GIMME SHELTER—Fernando Meija finishes construction of his portable shelter with the help of Chris Martinez on Tuesday in the E-3 quad. CN/ Vicky Nguyen
Architect talk—Fernando Meija explains his design of a portable shelter to jurors Juan Pablo Onate and Thomas Rivera during a presentation in the E-3 quad on Thursday. Chris Martinez, who helped Meija construct his design, watches in the background. CN/ Vicky Nguyen

By Vicky Nguyen

Environmental Design 102 students presented functional portable shelters they designed in the E-3 quad on Thursday.

Juan Pablo Onate, who works at the architecture office Adept and a former East Los Angeles College Architecture student, was part of a design jury that gave critique of the shelters’ designs.

“I’d like to have one of these if I were homeless,” Onate said.

Students were assigned a task to design portable shelters that could be easily assembled and moved. They were only allowed to use wood pallets and other recyclable material that could be easily obtained. The shelters could be used as temporary protection for homeless people or for outdoor activities such as camping.

Fernando Mejia, Holly Monarrez and Manuel Velazquez had their design chosen for full-scale construction based on their functionality, comfort, cost and ease of use.

After construction, the designers slept in their shelters on campus Wednesday night to test them. This was the first time students slept in their own designs on campus overnight.

Monarezz’s design, “A Living Room Shelter,” was inspired by her experience as a mother. She recognized families, as well as individuals, need shelters. Her shelter fit up to four people, included collapsible seating and had padding to protect from splinters.

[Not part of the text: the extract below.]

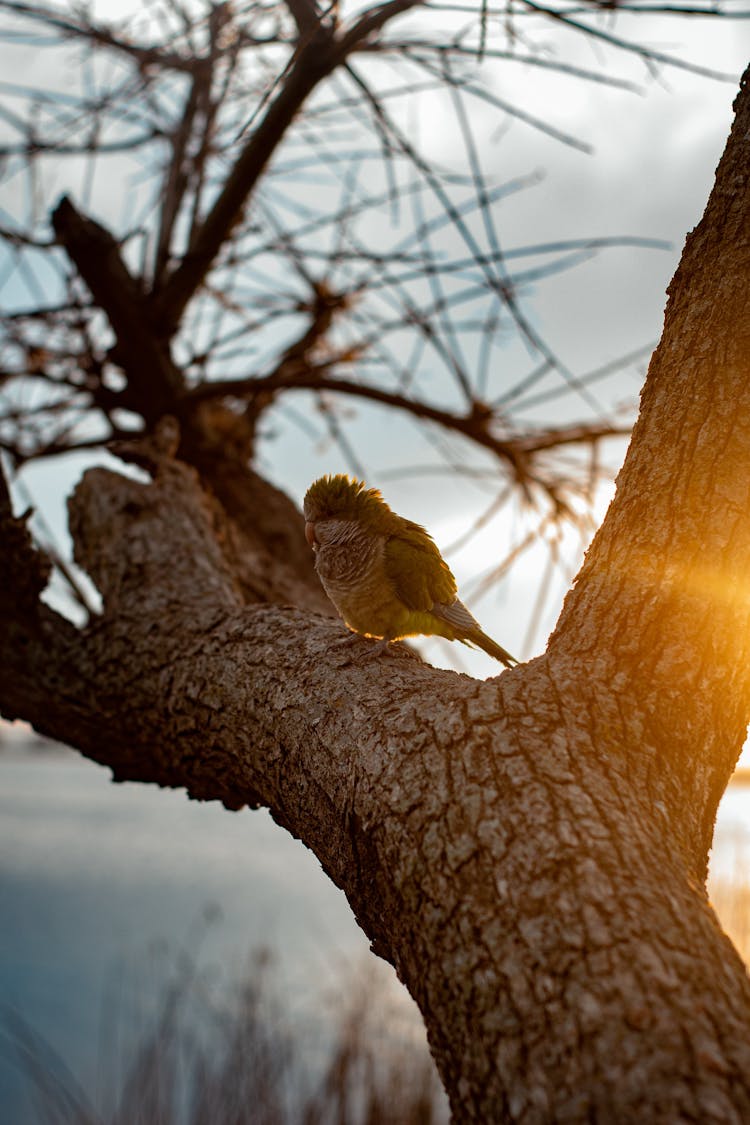 Bird Sitting On Tree Branch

“I have two little ones. One is 9 months and the other is 7. They love to run around and do all this crazy stuff,” Monarrez said. “My daughter is crawling, and I don’t want her to get hurt.”

Mejia’s shelter, “Tent House,” had a flexible design that allowed a user to easily deconstruct it and turn the shelter into carts for transporting belongings.

Mejia said the project addresses homelessness, an issue dear to his heart. His family had been displaced in the past.

“From one week to the next, we were caught scrambling, having to find a new place to live after 40-plus years of being in the same property,” Mejia said. “I felt entirely conflicted addressing this, because I feel there’s a huge separation between the r-ealities that are faced by the majority of the public and the limitations of approaching this as students. All we can do is open the platform to have these conversations.”

Professor of Architecture Alexis Navarro oversaw the project and aimed to create a practical and engaging assignment.

“In past years, the projects were more abstract, not really functional,” Navarro said. “This year, we started to do something practical, functional, that had a specific purpose.”

There were challenges in piloting a new idea. At first, all designs were to be constructed over spring break; however, the wood pallets were heavy, so construction was done after spring break and in teams rather than as individuals.

“I had to go through a lot of different channels to get this done. From making sure the sprinklers don’t come on, to security and parking,” Navarro said. He cited Dean Al Rios and Architecture Chair Michael Hamner as vital to the success of the project.

Navarro hopes the project starts a tradition.

Full-scale construction of shelters took about a week to complete. The entire project was completed in about a month.